#### Material provided
^^^^

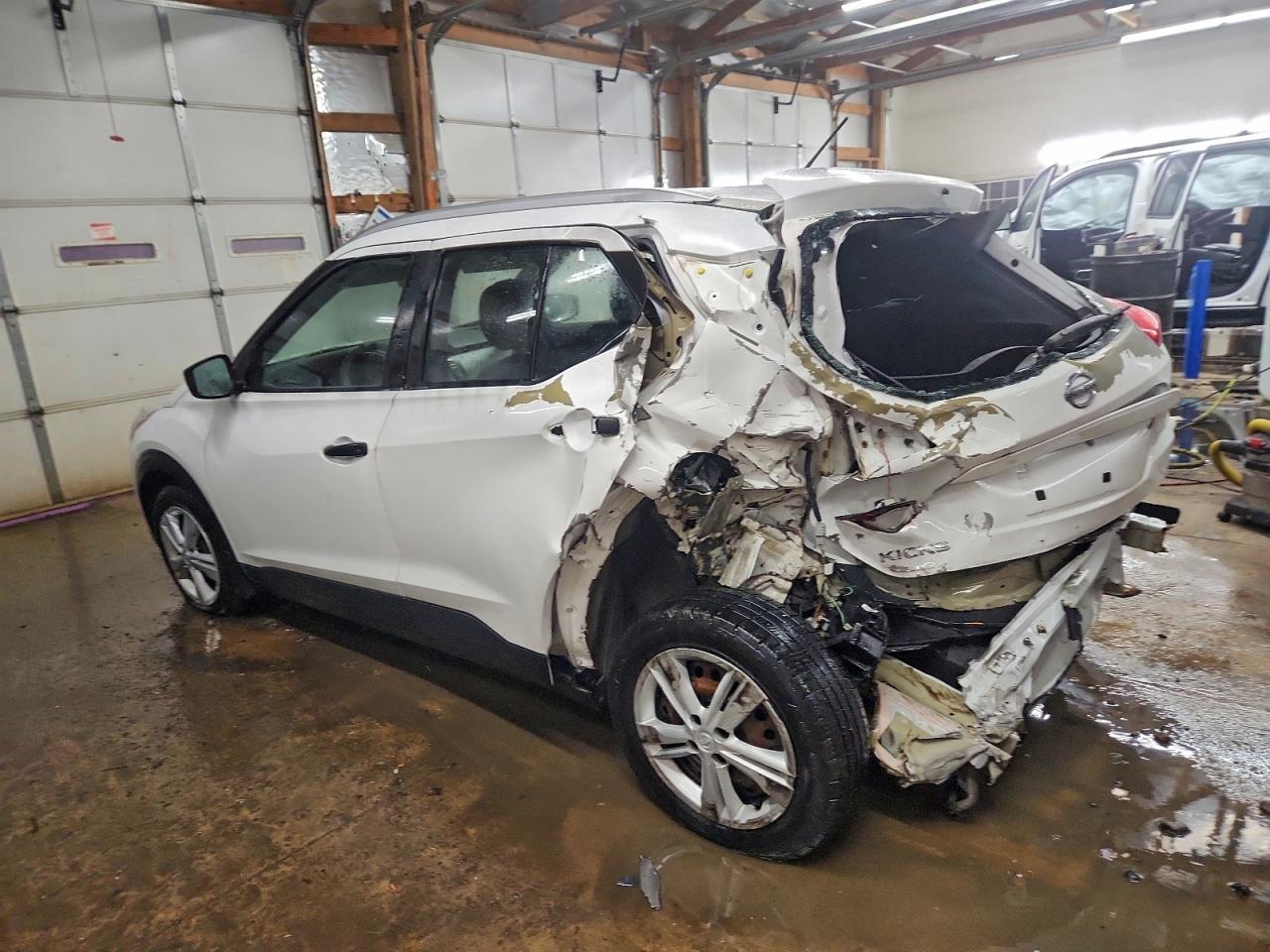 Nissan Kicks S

^^^^

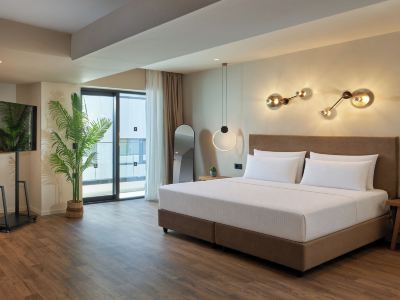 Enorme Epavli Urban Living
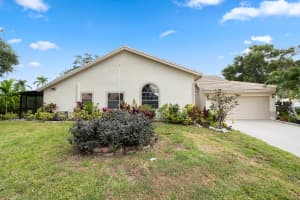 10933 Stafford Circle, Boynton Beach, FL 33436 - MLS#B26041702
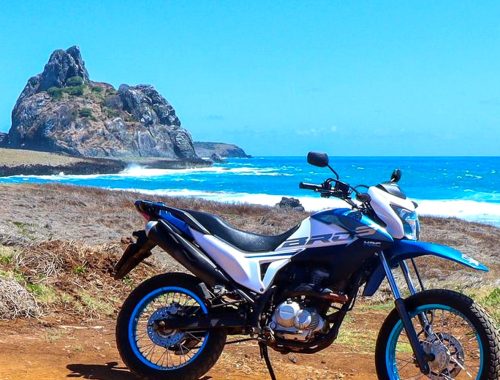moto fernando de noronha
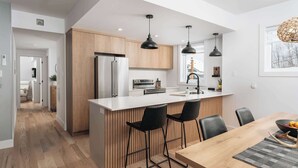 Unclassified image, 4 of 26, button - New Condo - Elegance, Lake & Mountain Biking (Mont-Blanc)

^^^^

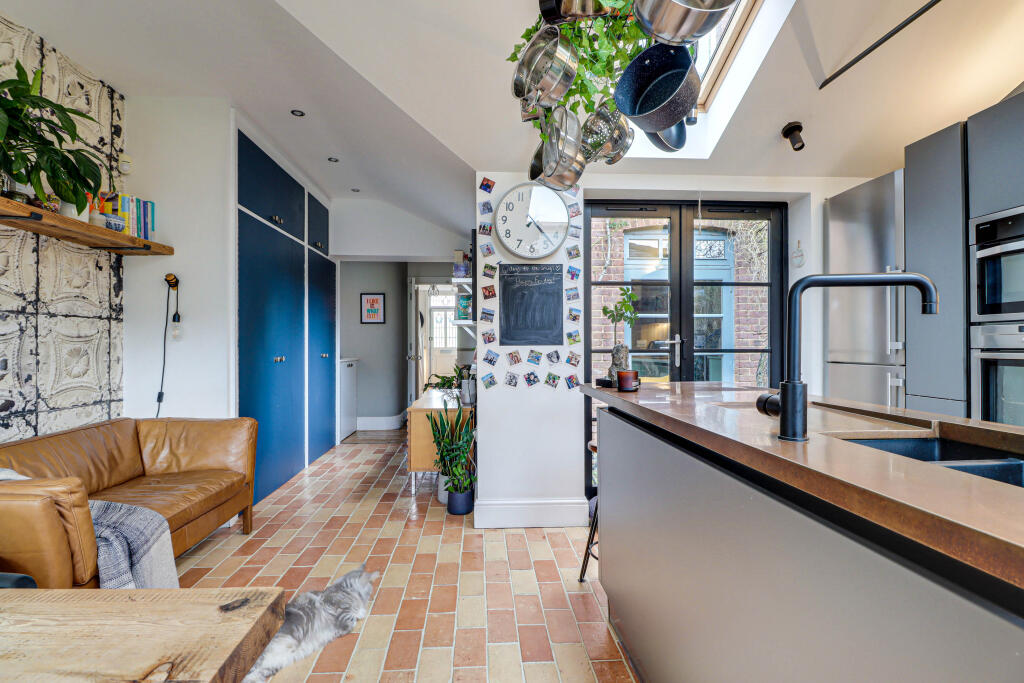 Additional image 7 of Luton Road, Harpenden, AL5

^^^^

#### Work to complete
Look above for the line with "Enorme Epavli Urban Living"; quote it and every line after it, stopping after the line with "Unclassified image, 4", exactly, with nothing added and without pictures.

#### Result below
 Enorme Epavli Urban Living
 10933 Stafford Circle, Boynton Beach, FL 33436 - MLS#B26041702
moto fernando de noronha
 Unclassified image, 4 of 26, button - New Condo - Elegance, Lake & Mountain Biking (Mont-Blanc)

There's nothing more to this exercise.